Task goal:
Without any images, write the listing below out word for word.

Supplied data:
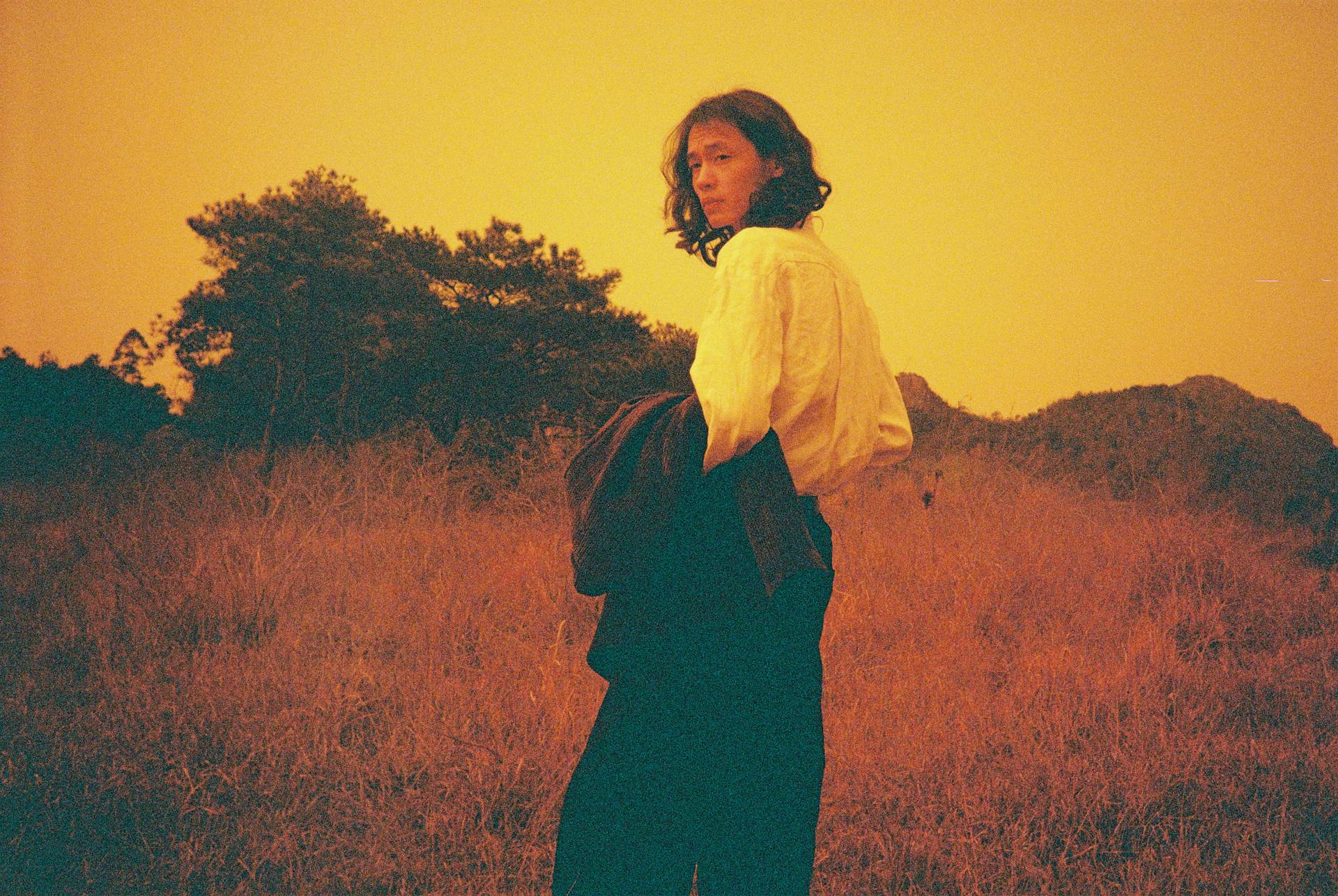 © 空调水 ，模特：欧阳 | 使用 Lomo MC-A 135 全自动随拍胶片相机 &amp; Lomography Redscale XR ISO 50-200 135 红调负片胶卷 拍摄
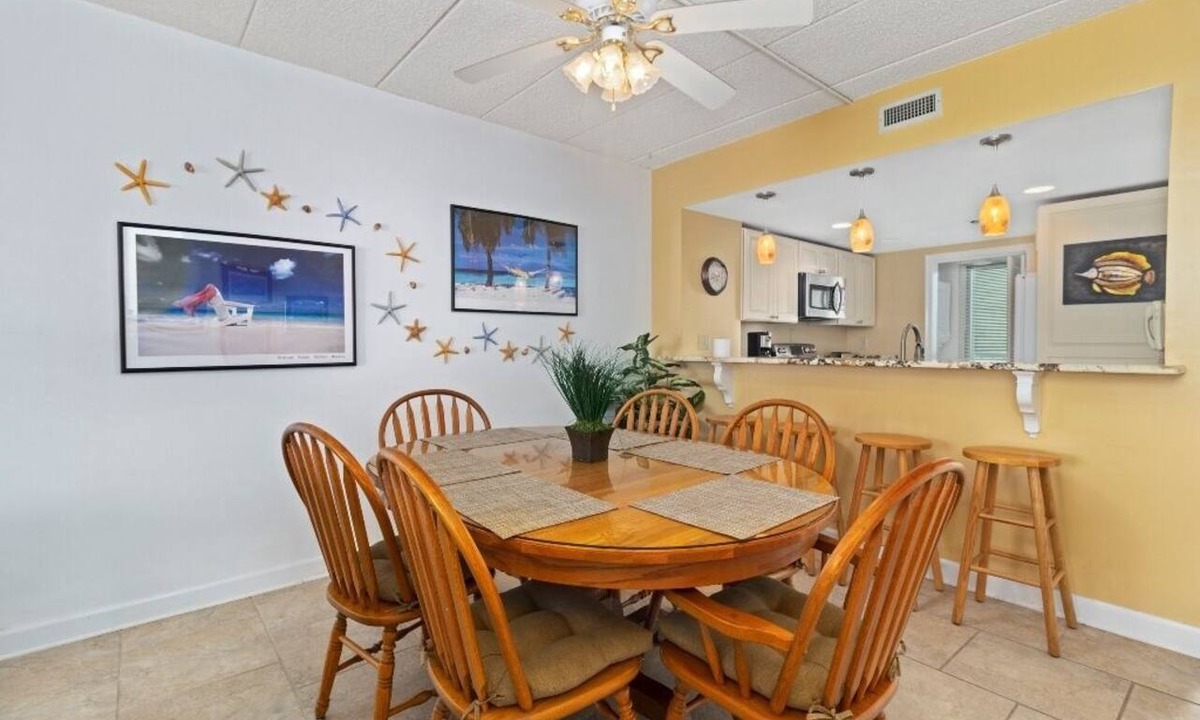 Northeast Virginia Beach Condo | Oceanfront 4th Floor, 2 Bedroom Condo on the Boardwalk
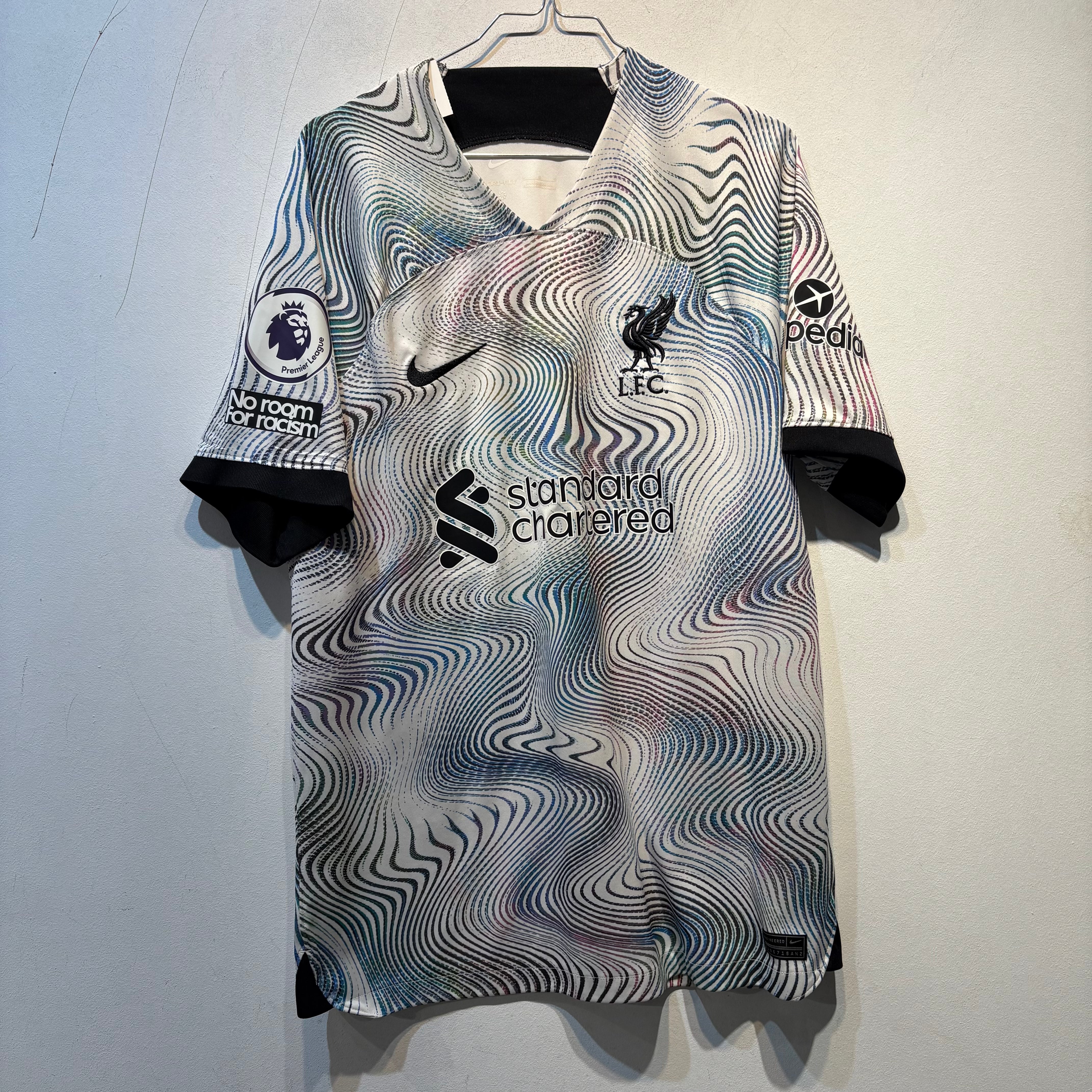 Liverpool FC “Alexander-Arnold 66” Away Shirt – 2022/2023 – Large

Response for this exercise:
 © 空调水 ，模特：欧阳 | 使用 Lomo MC-A 135 全自动随拍胶片相机 &amp; Lomography Redscale XR ISO 50-200 135 红调负片胶卷 拍摄
 Northeast Virginia Beach Condo | Oceanfront 4th Floor, 2 Bedroom Condo on the Boardwalk
 Liverpool FC “Alexander-Arnold 66” Away Shirt – 2022/2023 – Large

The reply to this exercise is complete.